REQUIREMENT — Write each line of the material exactly as given, from the top through the line that contains "Vintage Lee Dungaree", and omit all pictures.

MATERIAL TO PROCESS —
:::::

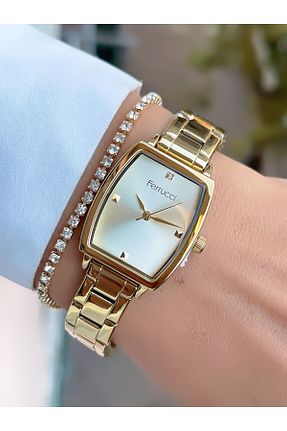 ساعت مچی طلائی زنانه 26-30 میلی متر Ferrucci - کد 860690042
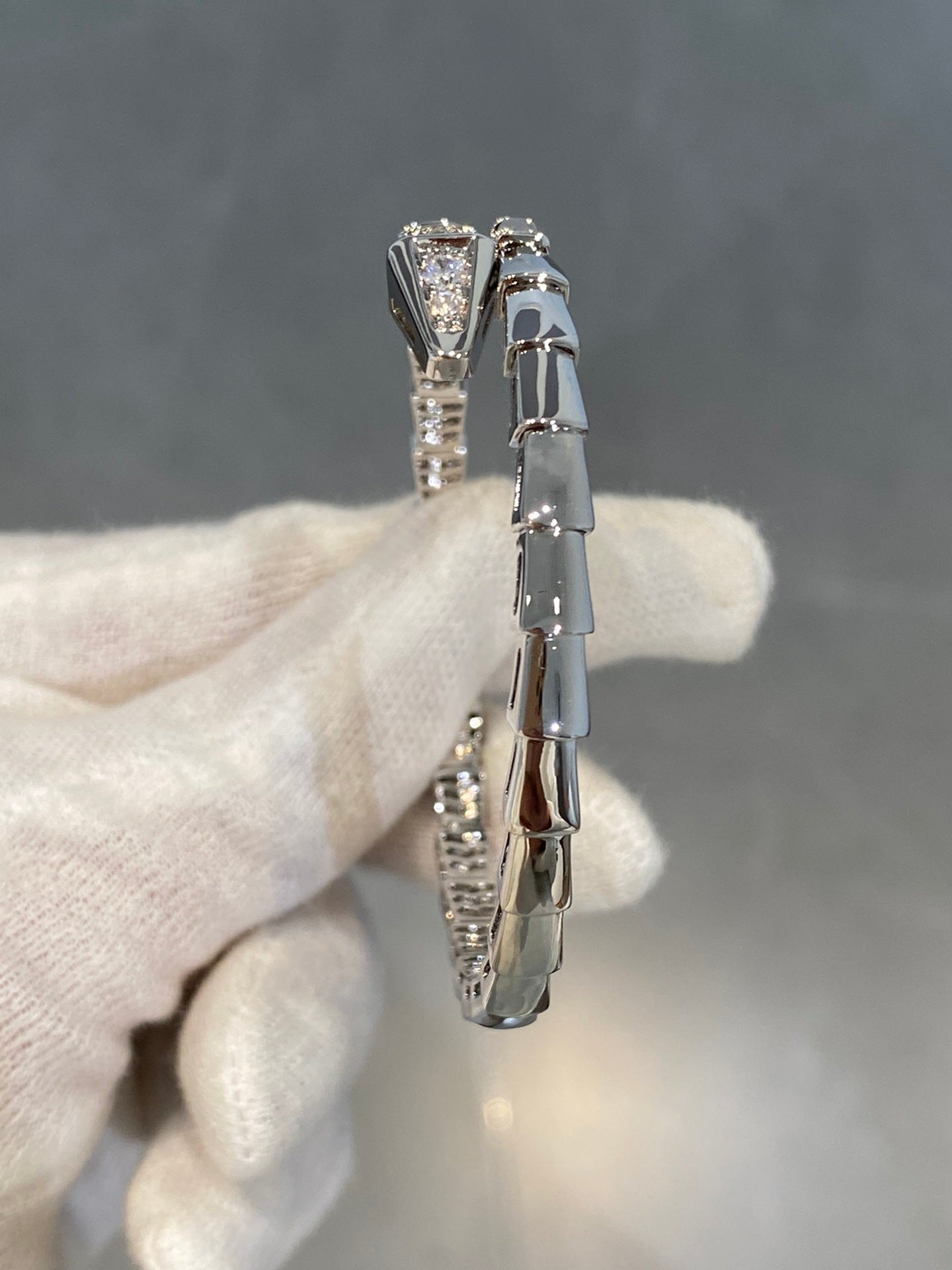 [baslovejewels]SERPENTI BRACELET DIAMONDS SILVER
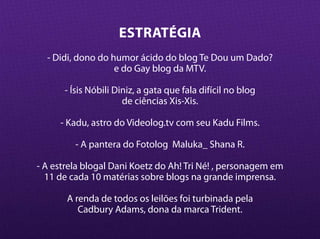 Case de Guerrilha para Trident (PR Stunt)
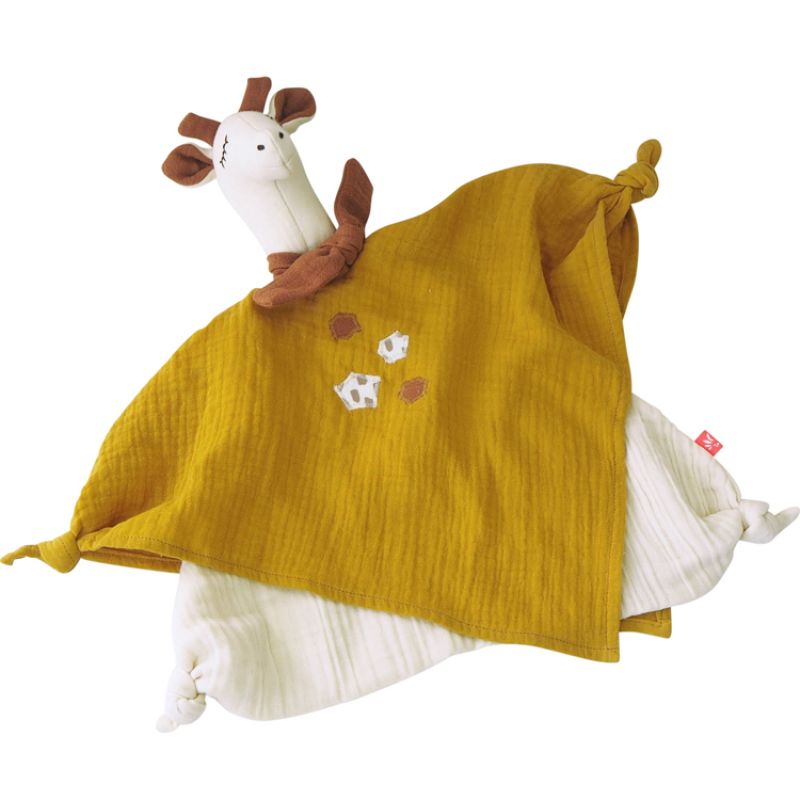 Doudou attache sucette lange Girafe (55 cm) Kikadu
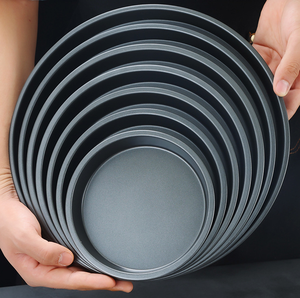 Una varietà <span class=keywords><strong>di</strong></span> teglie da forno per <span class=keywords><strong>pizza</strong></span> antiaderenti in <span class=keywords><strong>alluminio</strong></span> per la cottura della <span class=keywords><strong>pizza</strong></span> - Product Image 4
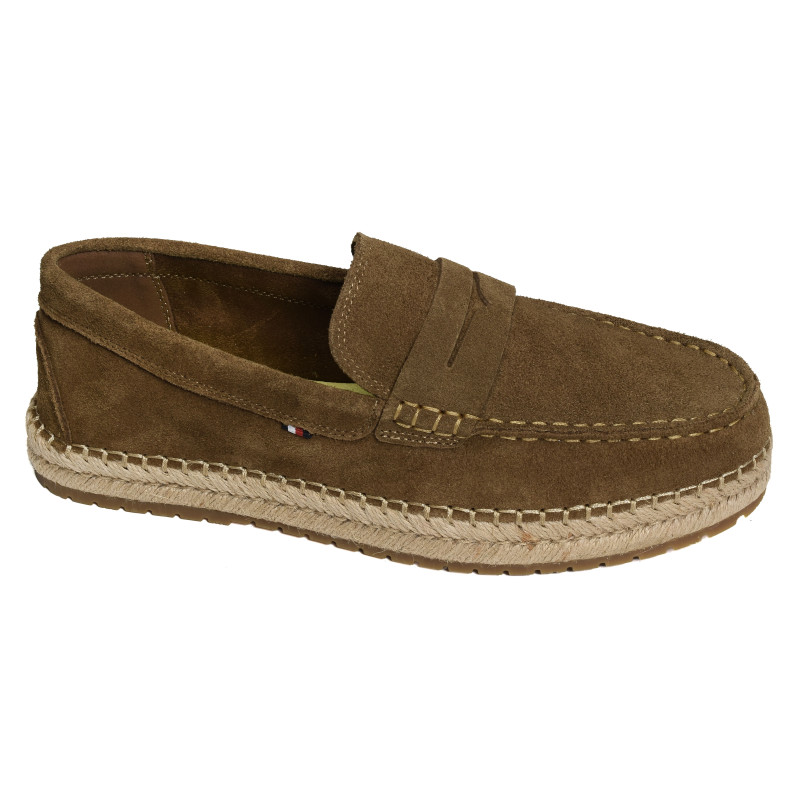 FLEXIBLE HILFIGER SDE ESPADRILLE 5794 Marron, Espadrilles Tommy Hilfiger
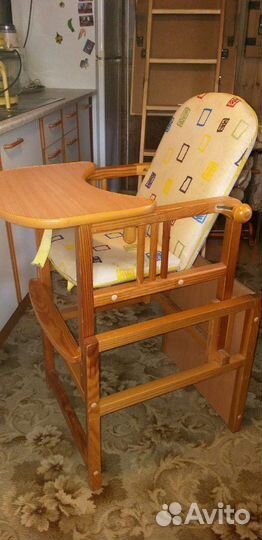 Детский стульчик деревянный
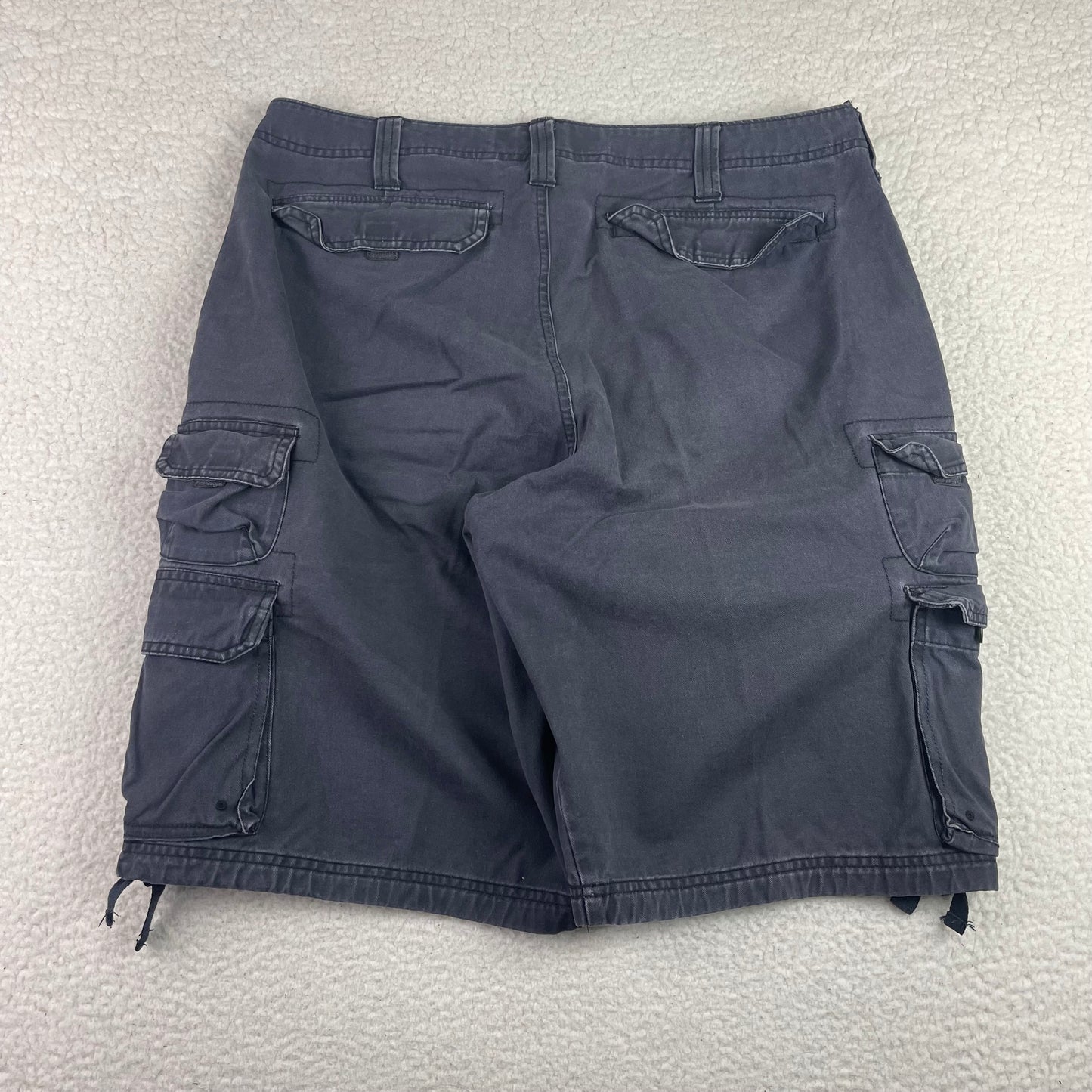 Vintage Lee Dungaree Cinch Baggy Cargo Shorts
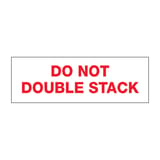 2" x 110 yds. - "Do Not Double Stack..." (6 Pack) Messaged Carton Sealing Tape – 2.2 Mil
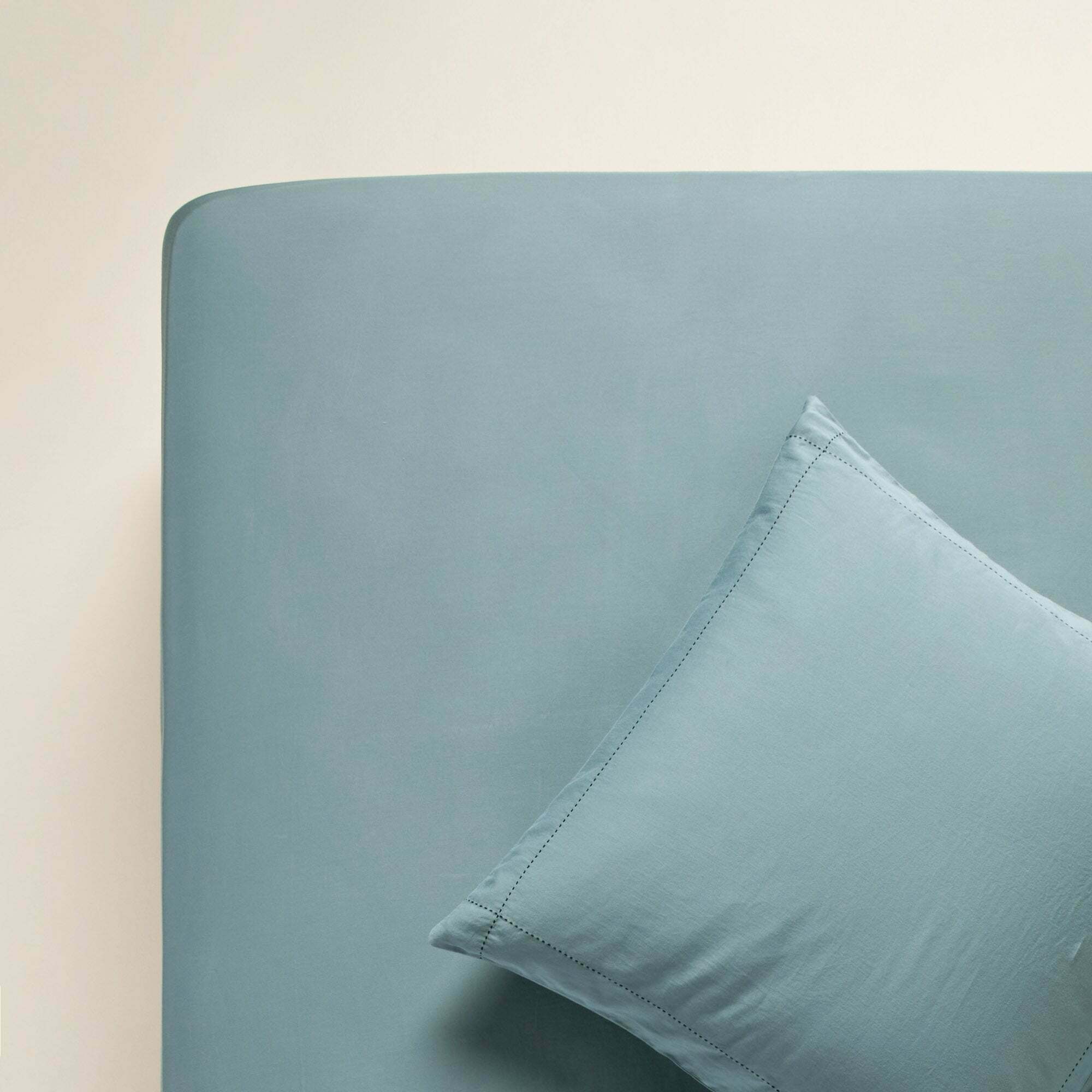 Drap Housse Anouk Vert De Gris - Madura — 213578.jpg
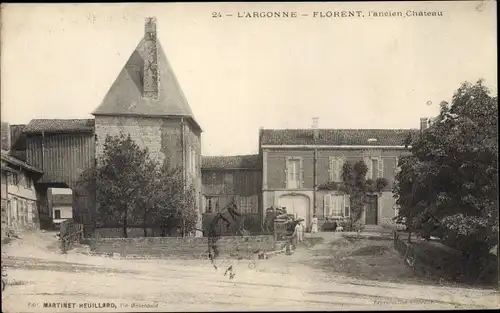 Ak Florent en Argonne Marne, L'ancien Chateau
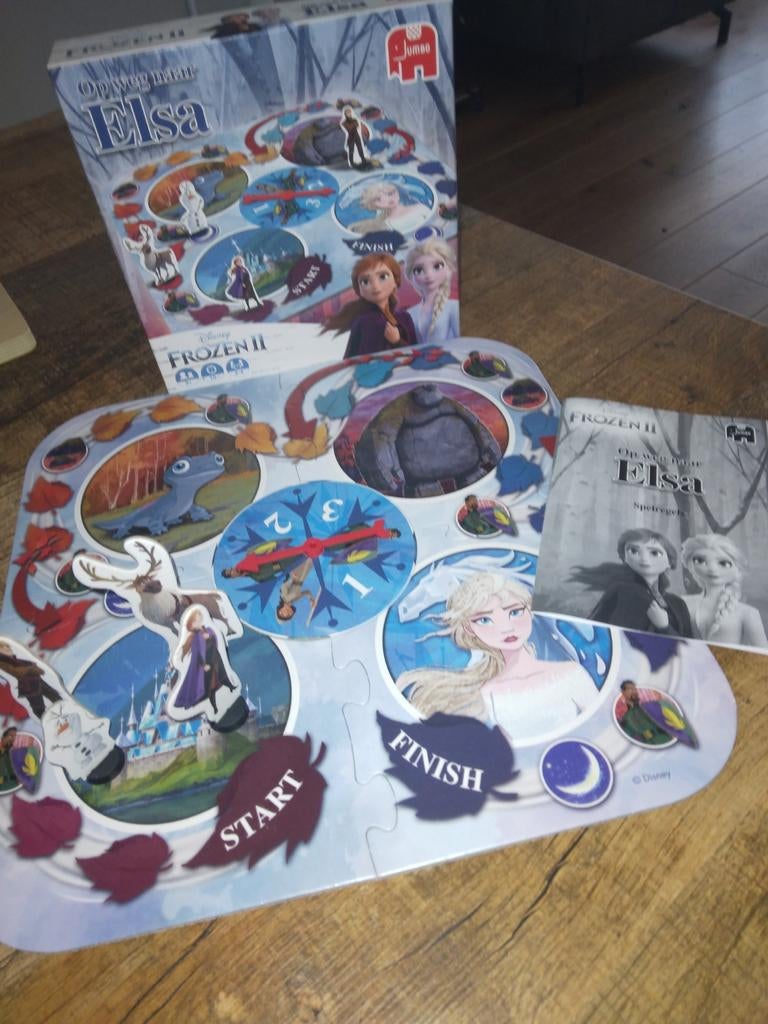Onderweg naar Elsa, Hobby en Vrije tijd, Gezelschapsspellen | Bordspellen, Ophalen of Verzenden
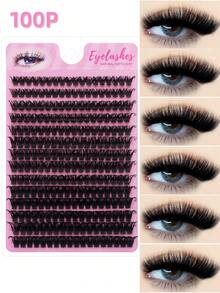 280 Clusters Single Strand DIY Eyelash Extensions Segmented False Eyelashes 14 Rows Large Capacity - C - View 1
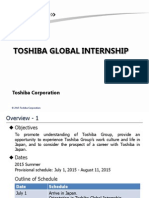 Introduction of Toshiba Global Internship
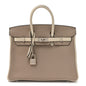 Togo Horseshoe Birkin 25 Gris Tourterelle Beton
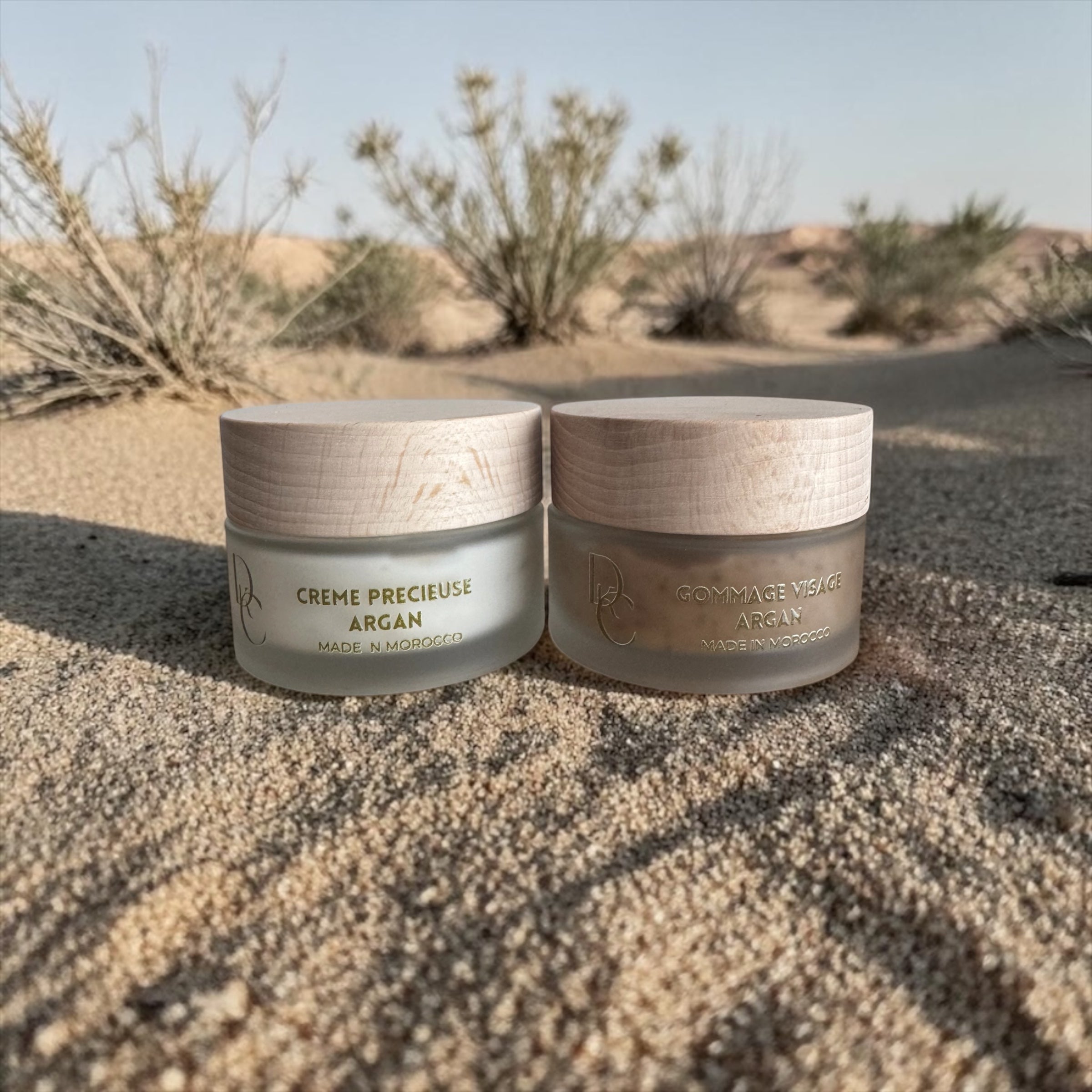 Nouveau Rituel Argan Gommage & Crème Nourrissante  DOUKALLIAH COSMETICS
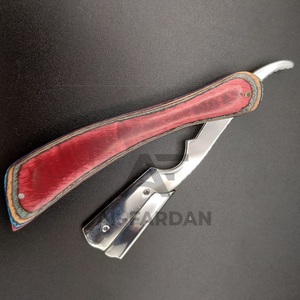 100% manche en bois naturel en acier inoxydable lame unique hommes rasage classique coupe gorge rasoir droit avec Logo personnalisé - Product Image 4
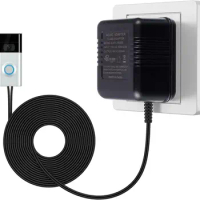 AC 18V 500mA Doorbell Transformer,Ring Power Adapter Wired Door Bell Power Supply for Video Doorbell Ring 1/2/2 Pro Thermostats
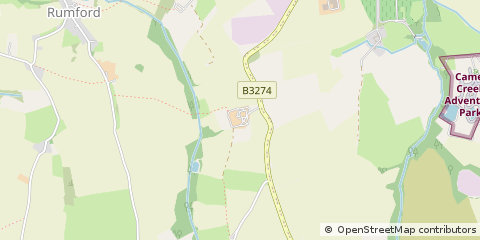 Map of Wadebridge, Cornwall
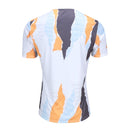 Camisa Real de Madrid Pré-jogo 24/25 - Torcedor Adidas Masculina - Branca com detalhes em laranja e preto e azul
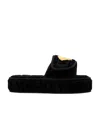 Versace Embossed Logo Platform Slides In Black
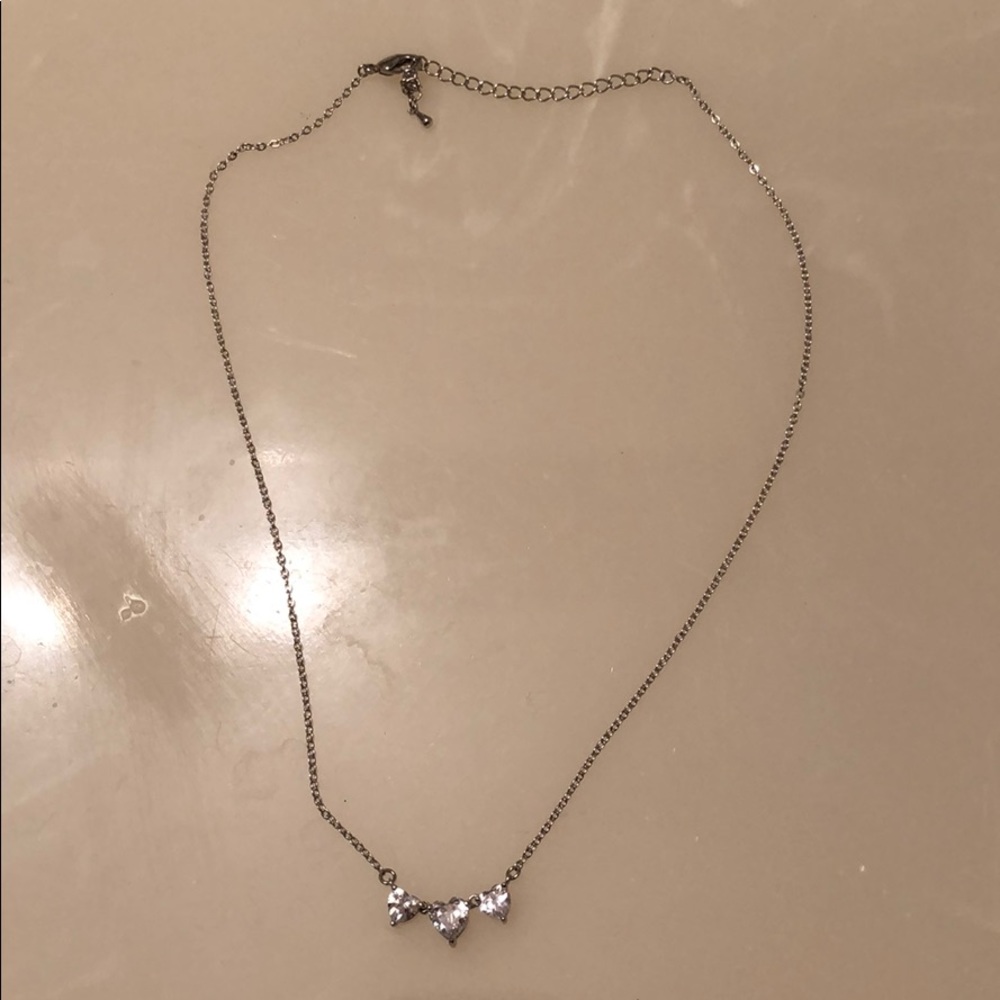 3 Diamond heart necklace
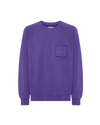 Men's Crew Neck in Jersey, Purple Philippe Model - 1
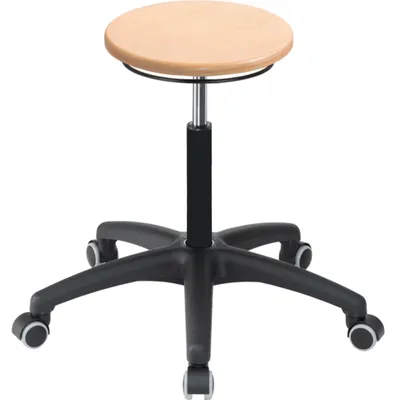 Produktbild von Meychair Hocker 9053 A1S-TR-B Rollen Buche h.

:::::

ANSWER SPACE —
 ساعت مچی طلائی زنانه 26-30 میلی متر Ferrucci - کد 860690042
 [baslovejewels]SERPENTI BRACELET DIAMONDS SILVER
 Case de Guerrilha para Trident (PR Stunt)
 Doudou attache sucette lange Girafe (55 cm) Kikadu
 Una varietà <span class=keywords><strong>di</strong></span> teglie da forno per <span class=keywords><strong>pizza</strong></span> antiaderenti in <span class=keywords><strong>alluminio</strong></span> per la cottura della <span class=keywords><strong>pizza</strong></span> - Product Image 4
 FLEXIBLE HILFIGER SDE ESPADRILLE 5794 Marron, Espadrilles Tommy Hilfiger
 Детский стульчик деревянный
 Vintage Lee Dungaree Cinch Baggy Cargo Shorts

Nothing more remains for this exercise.